Stored data entries
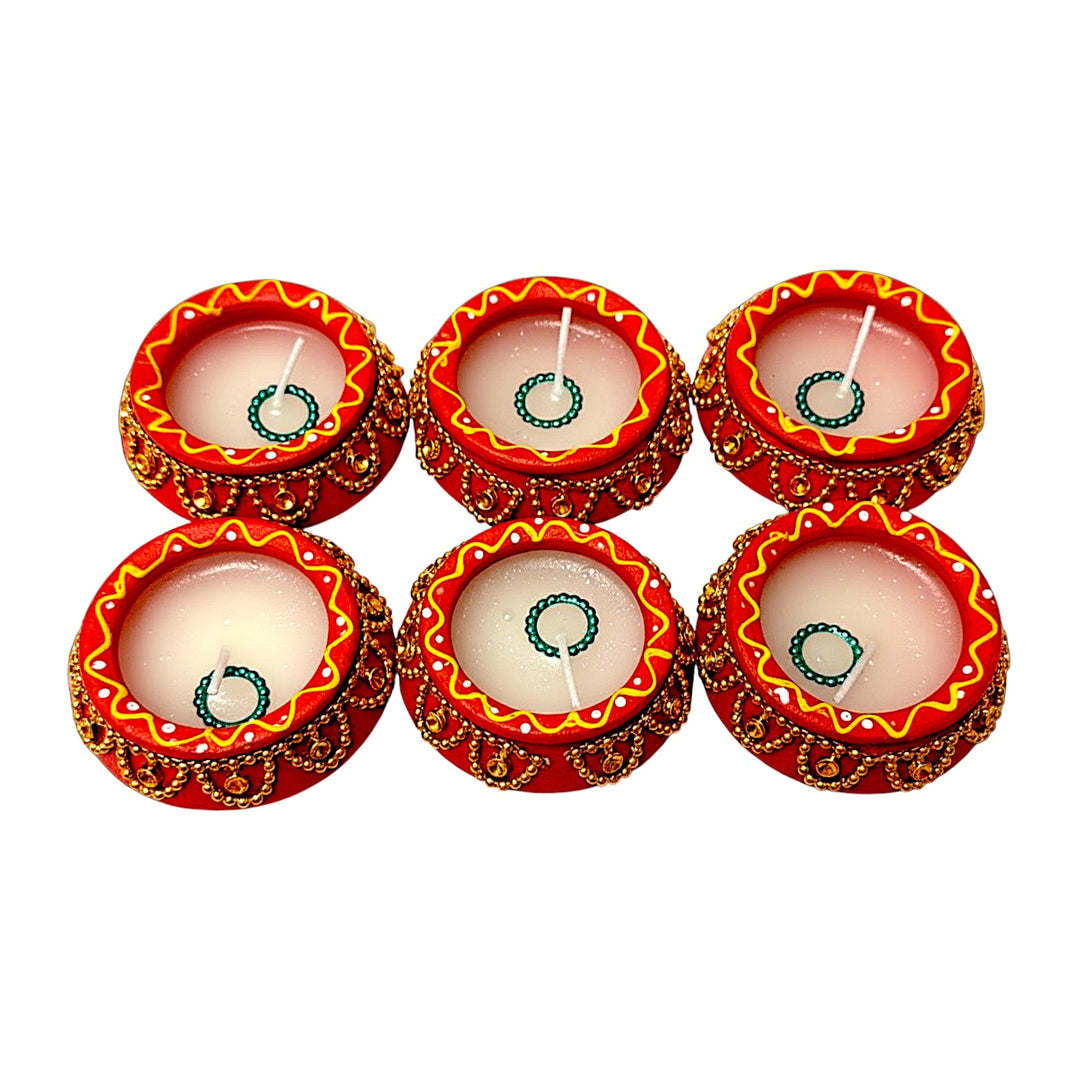 Clay diyas with wax - Set of 6, assorted colors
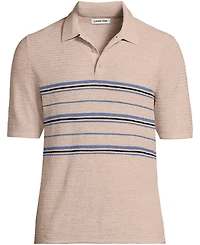 Lands' End Men's Short Sleeve Texture Stitch Sweater Polo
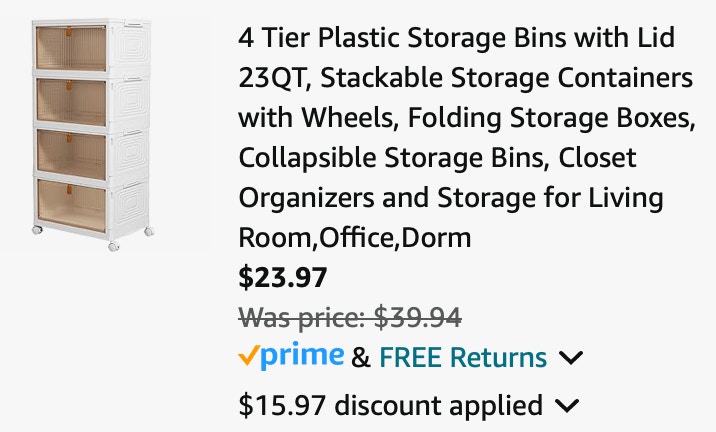 YFXCVSL Store 4 Tier Plastic Storage Bins with Lid 23QT, Stackable Storage Containers with Wheels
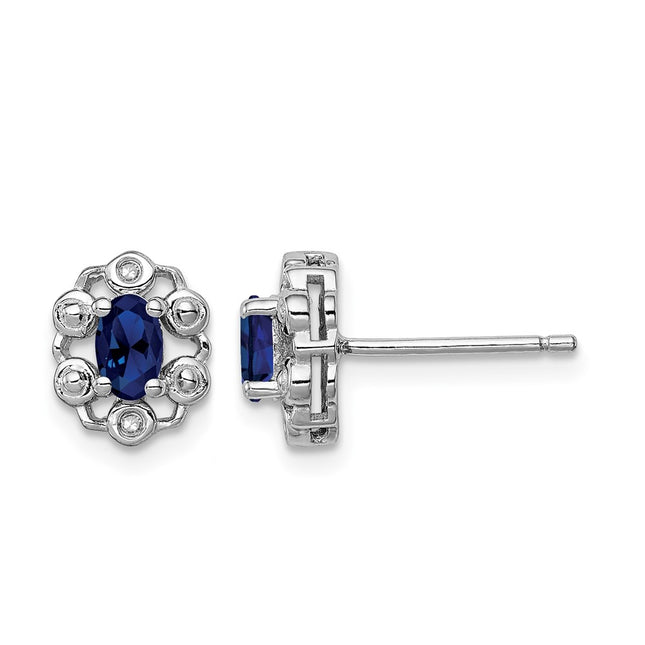 Sterling silver sapphire earrings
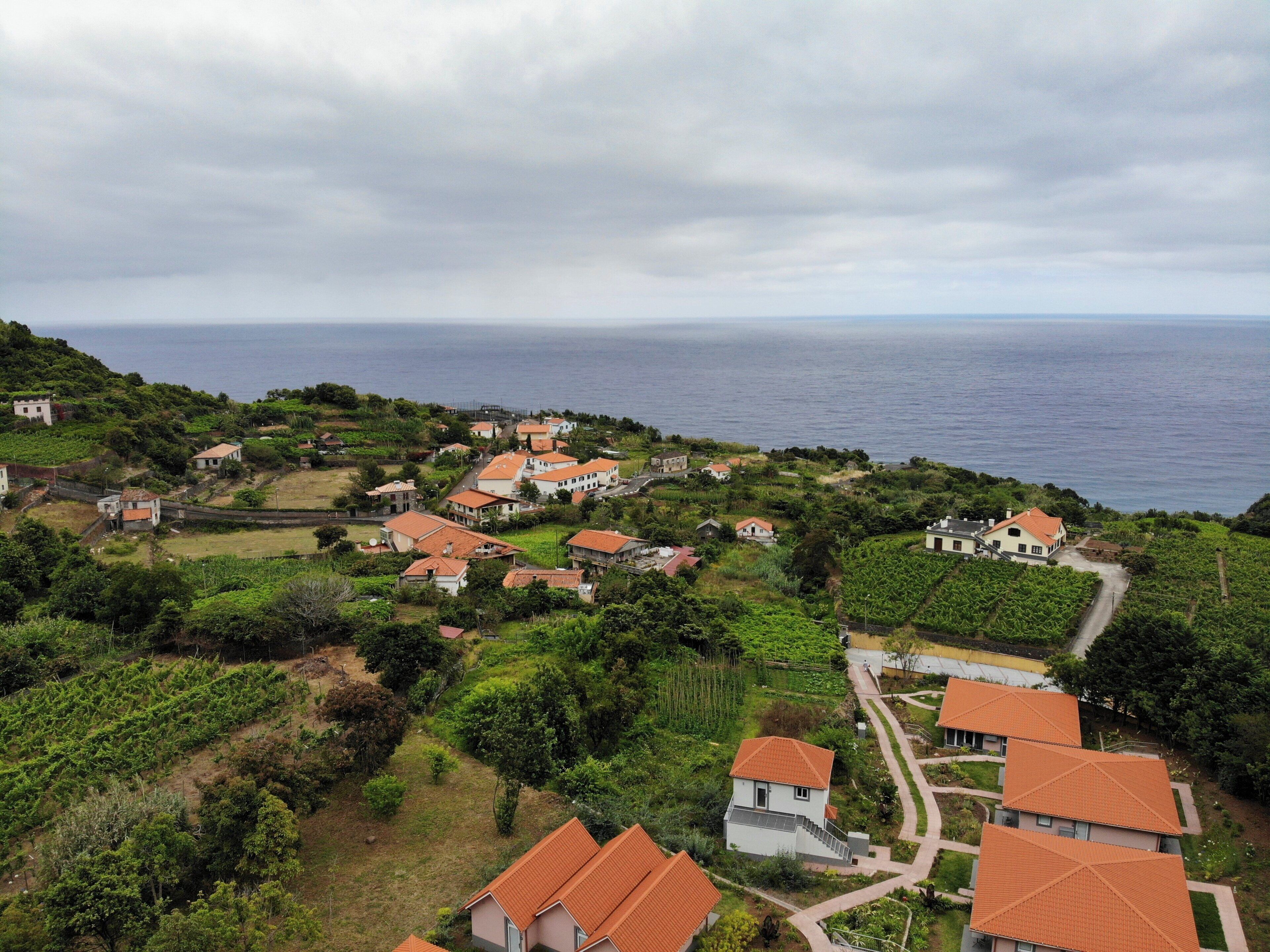 Un pueblo costero con casas escalonadas, una vista despejada del mar y un camino sinuoso.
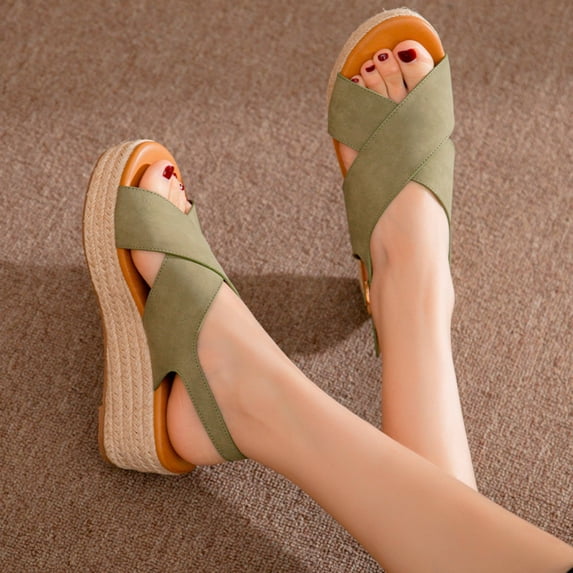 Vedolay Casual Shoes Sandals for Women Vintage Slip On Flip Flops Sandals Women Dressy Summer Flat,Brown 7.5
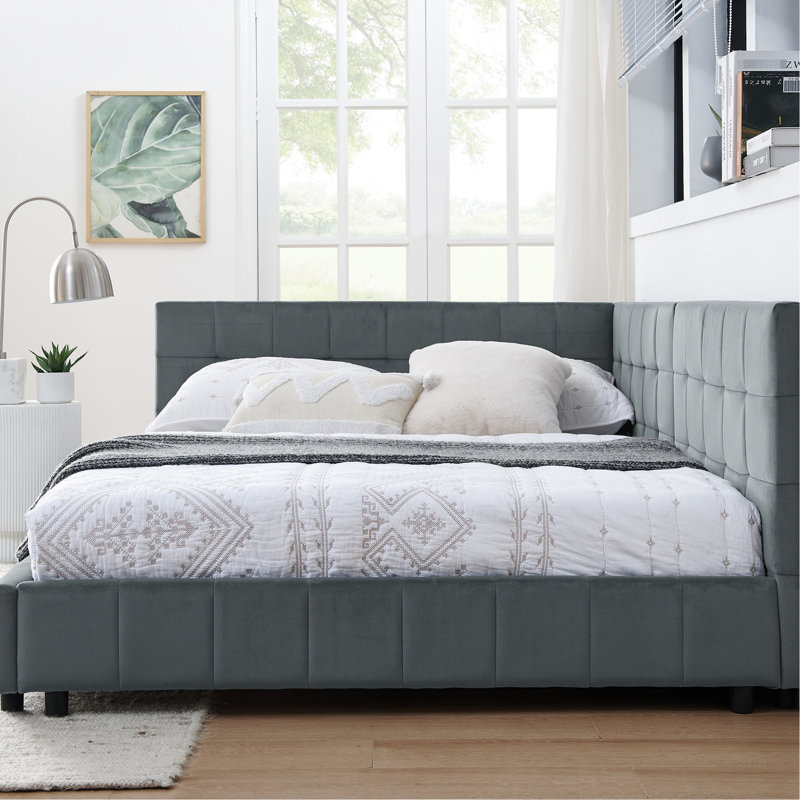 Structure de lit confortable en velours gris avec et pour la chambre à coucher Revêtement moderne avec accoudoirs confortables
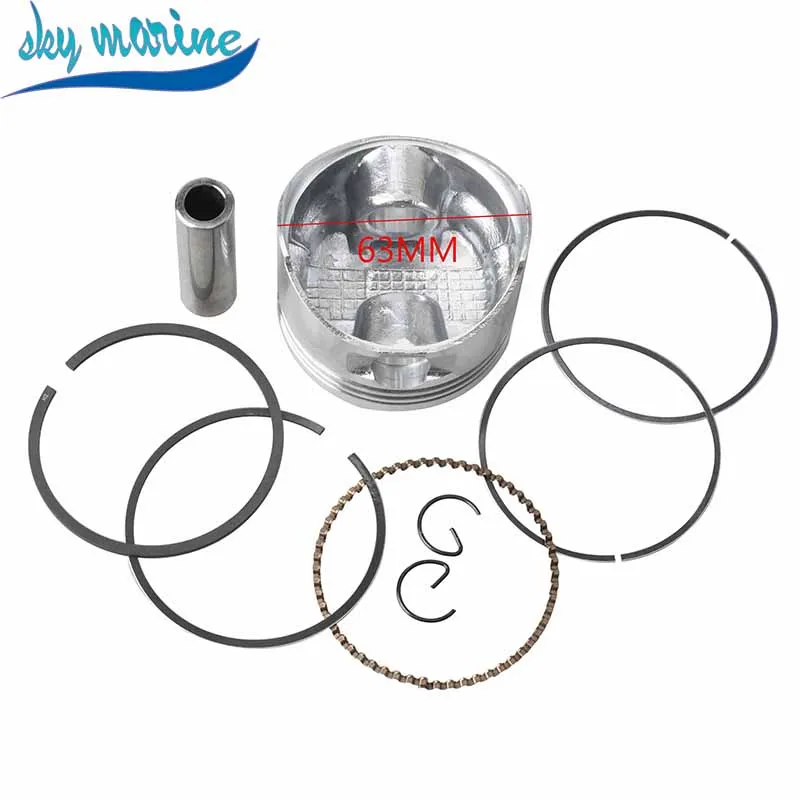 6AH-11631 Piston (Std) Set For Yamaha Parsun F9.9HP 15HP 20HP Boat Motor 63MM 6AH-11631-00 6AH-11603 Engine Accessories Parts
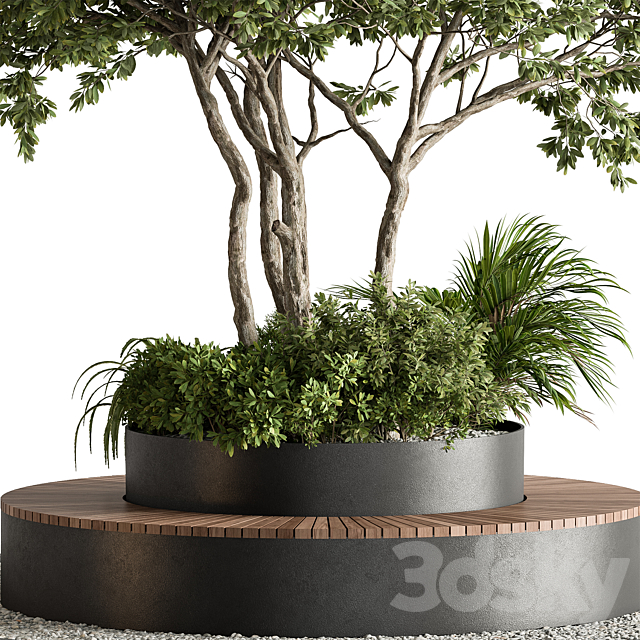 Urban Furniture Bench with Plants 76 3ds Max - thumbnail 3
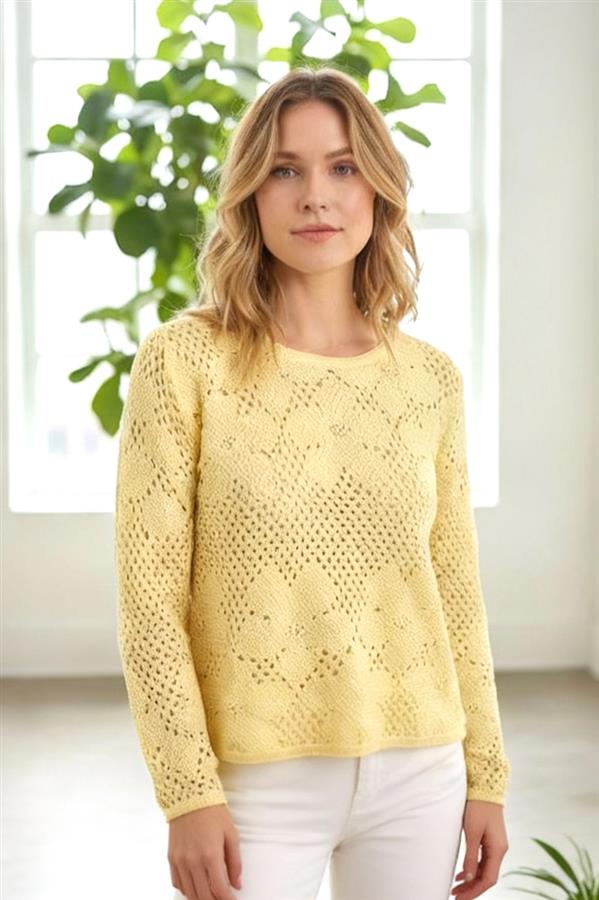 Flower Crochet Long Sleeve Sweater Top Lemon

* _Exercise aim_: Give back each line above exactly, with pictures dropped.

* _Task solution_:
 Clay diyas with wax - Set of 6, assorted colors
 Lands' End Men's Short Sleeve Texture Stitch Sweater Polo
 YFXCVSL Store 4 Tier Plastic Storage Bins with Lid 23QT, Stackable Storage Containers with Wheels
 Sterling silver sapphire earrings
 Un pueblo costero con casas escalonadas, una vista despejada del mar y un camino sinuoso.
 Vedolay Casual Shoes Sandals for Women Vintage Slip On Flip Flops Sandals Women Dressy Summer Flat,Brown 7.5
 Structure de lit confortable en velours gris avec et pour la chambre à coucher Revêtement moderne avec accoudoirs confortables
 6AH-11631 Piston (Std) Set For Yamaha Parsun F9.9HP 15HP 20HP Boat Motor 63MM 6AH-11631-00 6AH-11603 Engine Accessories Parts
 Urban Furniture Bench with Plants 76 3ds Max - thumbnail 3
 Flower Crochet Long Sleeve Sweater Top Lemon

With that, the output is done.